## Data extract

________________

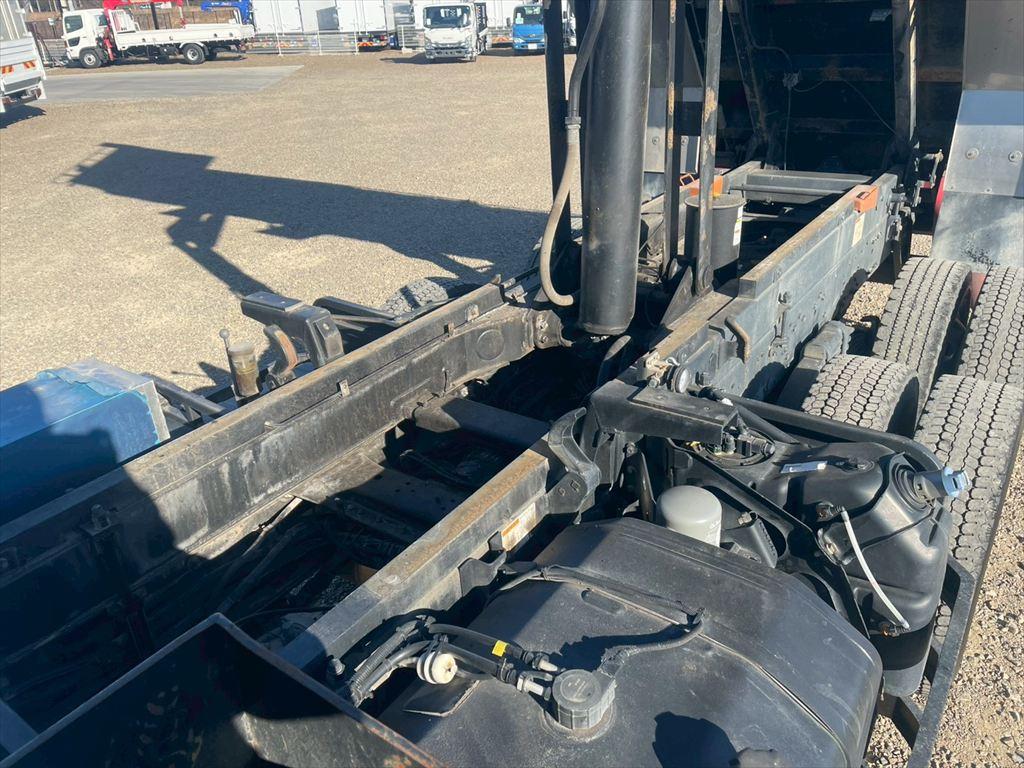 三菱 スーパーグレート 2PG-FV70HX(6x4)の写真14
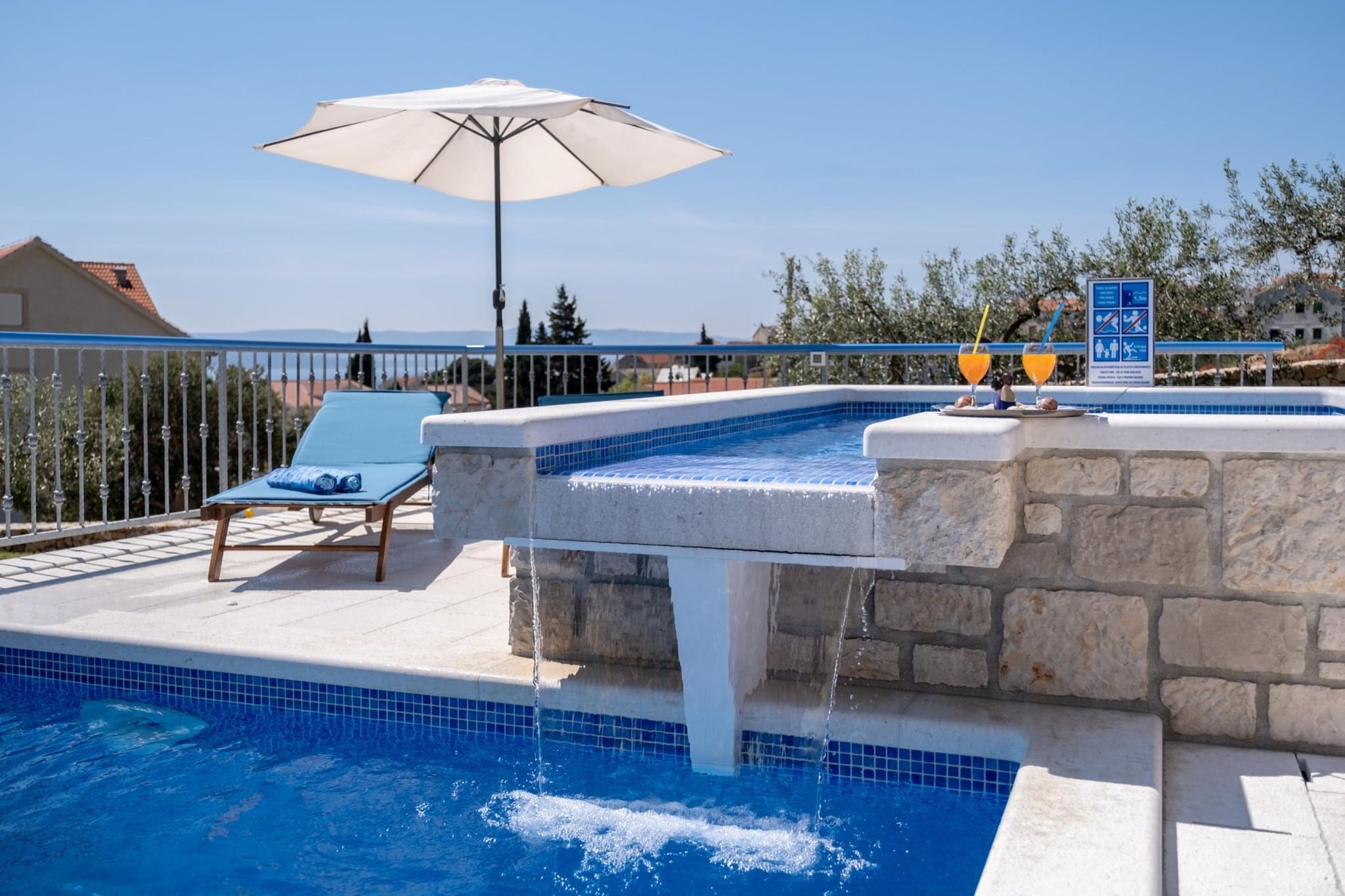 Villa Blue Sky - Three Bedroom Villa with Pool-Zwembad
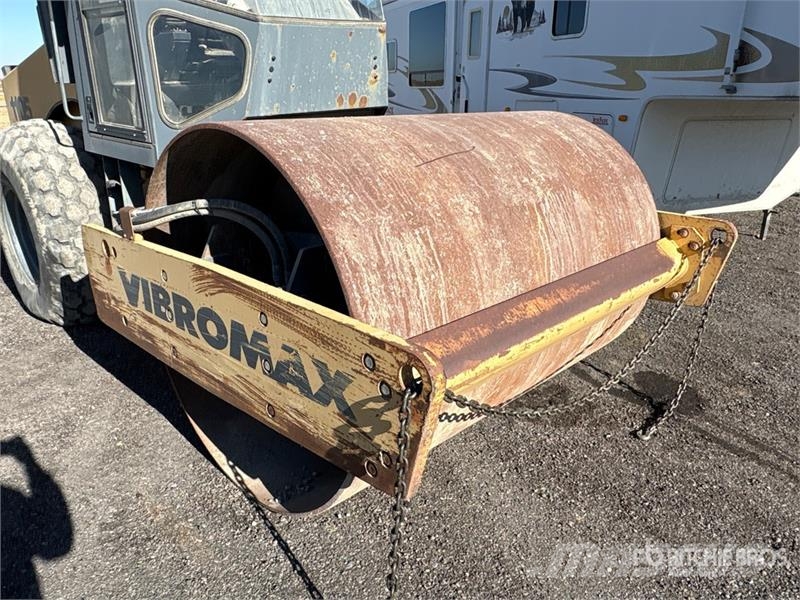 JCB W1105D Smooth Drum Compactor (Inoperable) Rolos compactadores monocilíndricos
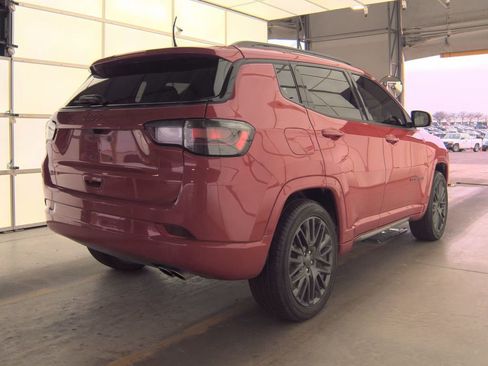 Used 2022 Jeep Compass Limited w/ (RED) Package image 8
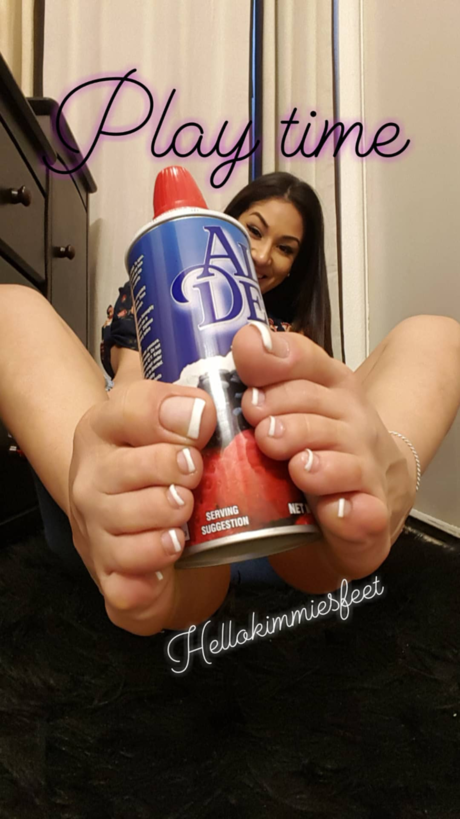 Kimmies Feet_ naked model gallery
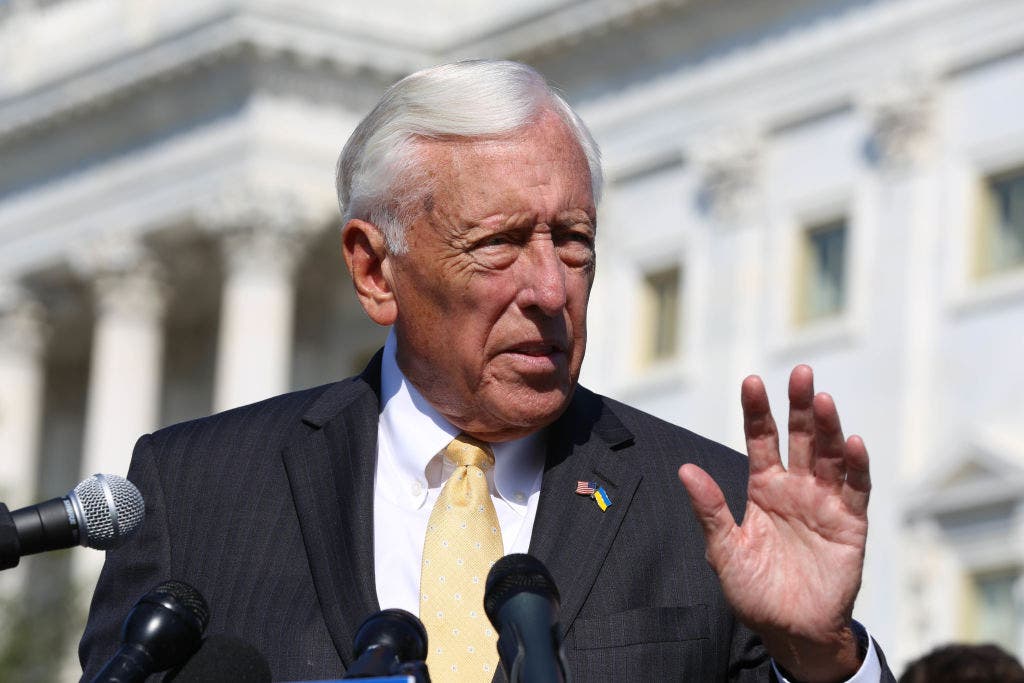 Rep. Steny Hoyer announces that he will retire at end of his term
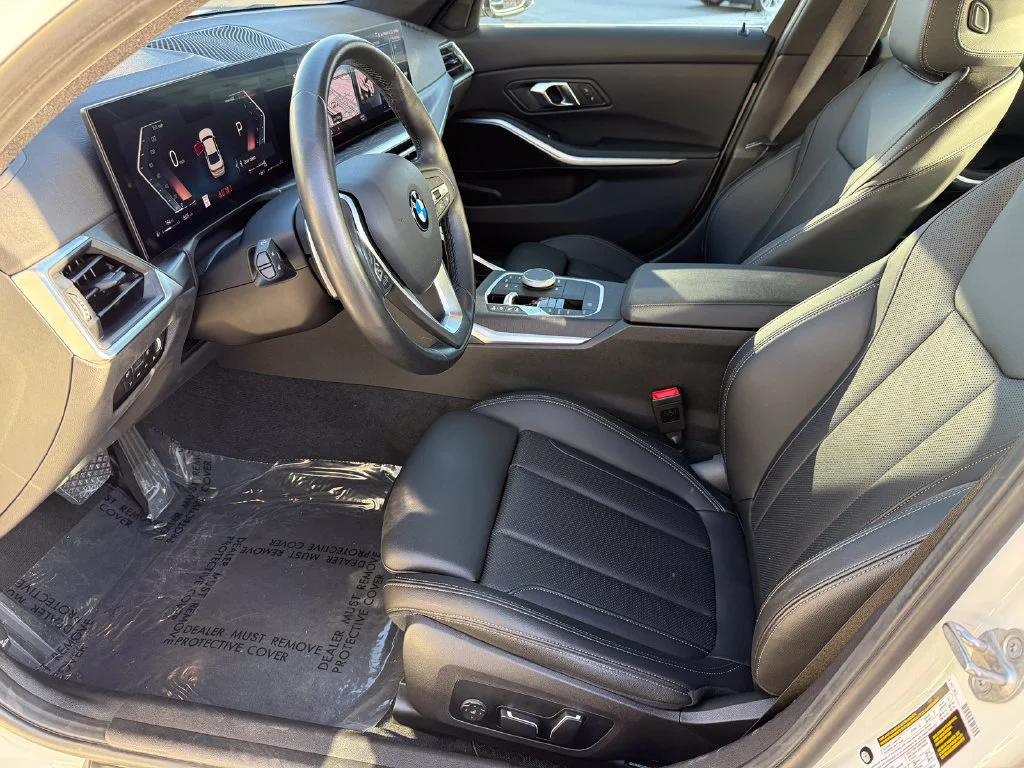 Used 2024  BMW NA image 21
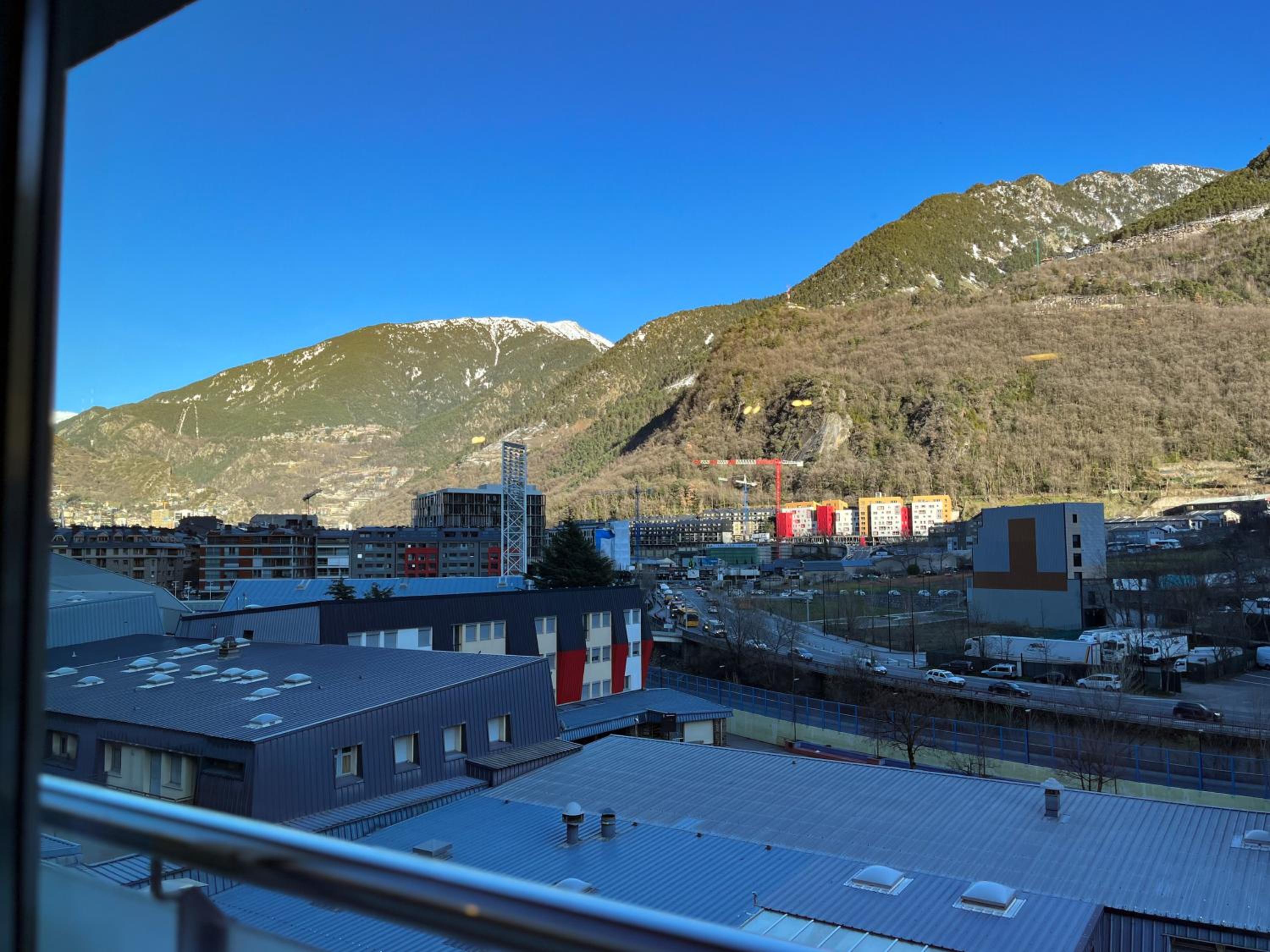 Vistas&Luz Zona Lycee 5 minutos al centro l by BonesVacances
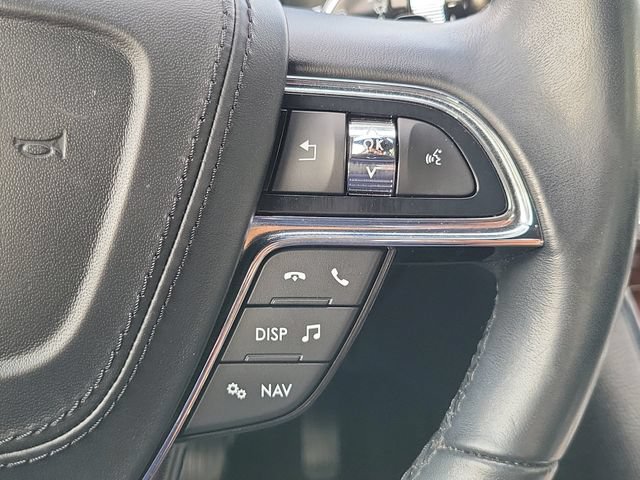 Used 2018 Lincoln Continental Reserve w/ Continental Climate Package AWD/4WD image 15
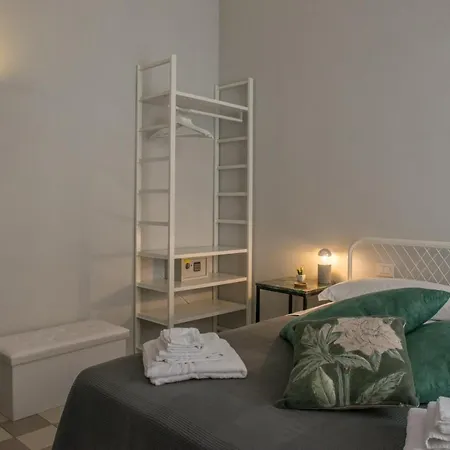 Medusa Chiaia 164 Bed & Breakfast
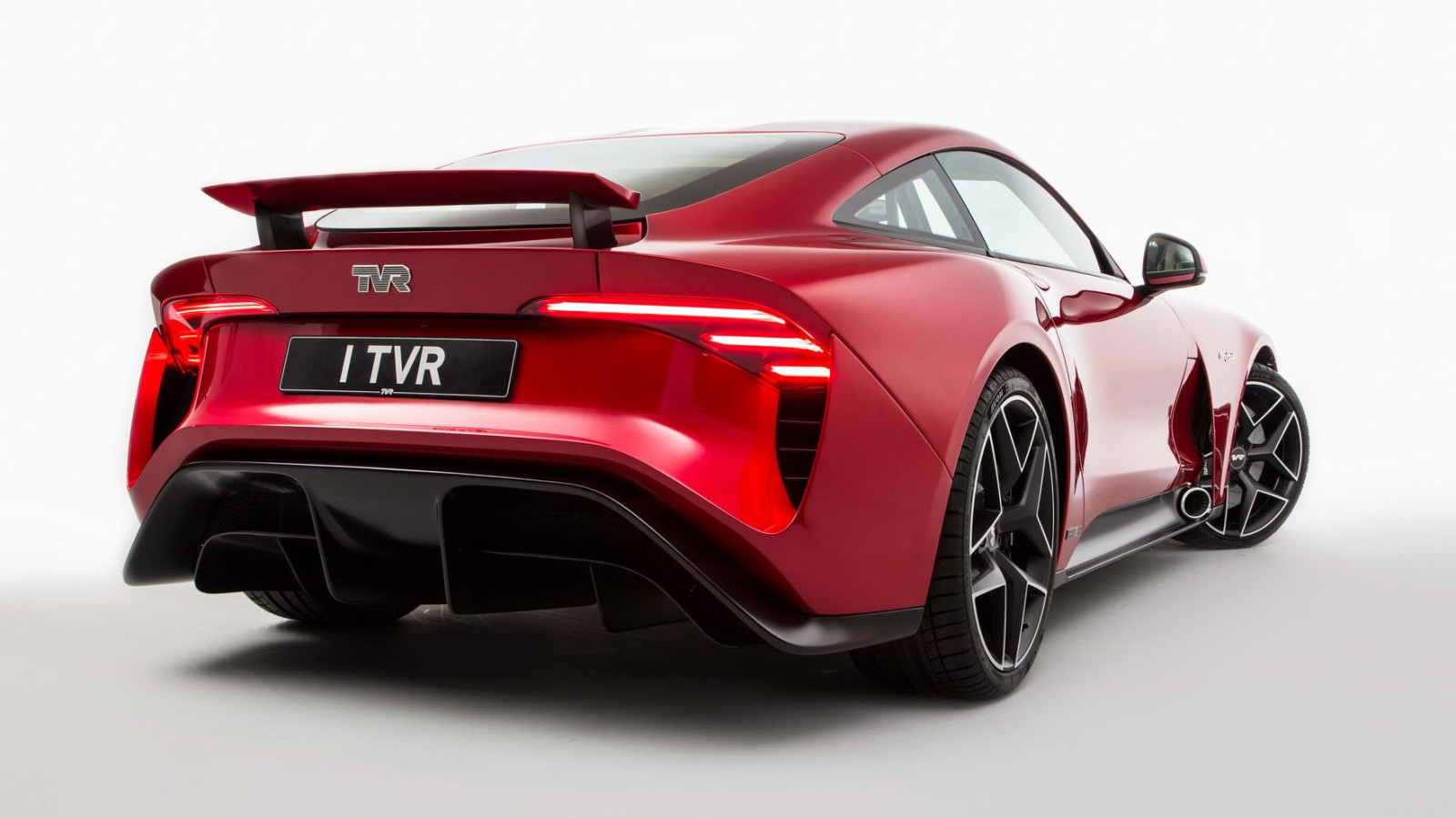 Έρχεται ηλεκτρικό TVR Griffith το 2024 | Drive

________________

Retype the whole listing exactly and leave the pictures out.

 三菱 スーパーグレート 2PG-FV70HX(6x4)の写真14
 Villa Blue Sky - Three Bedroom Villa with Pool-Zwembad
 JCB W1105D Smooth Drum Compactor (Inoperable) Rolos compactadores monocilíndricos
 Used 2022 Jeep Compass Limited w/ (RED) Package image 8
 Kimmies Feet_ naked model gallery
 Rep. Steny Hoyer announces that he will retire at end of his term
 Used 2024  BMW NA image 21
 Vistas&Luz Zona Lycee 5 minutos al centro l by BonesVacances
 Used 2018 Lincoln Continental Reserve w/ Continental Climate Package AWD/4WD image 15
 Medusa Chiaia 164 Bed & Breakfast
 Έρχεται ηλεκτρικό TVR Griffith το 2024 | Drive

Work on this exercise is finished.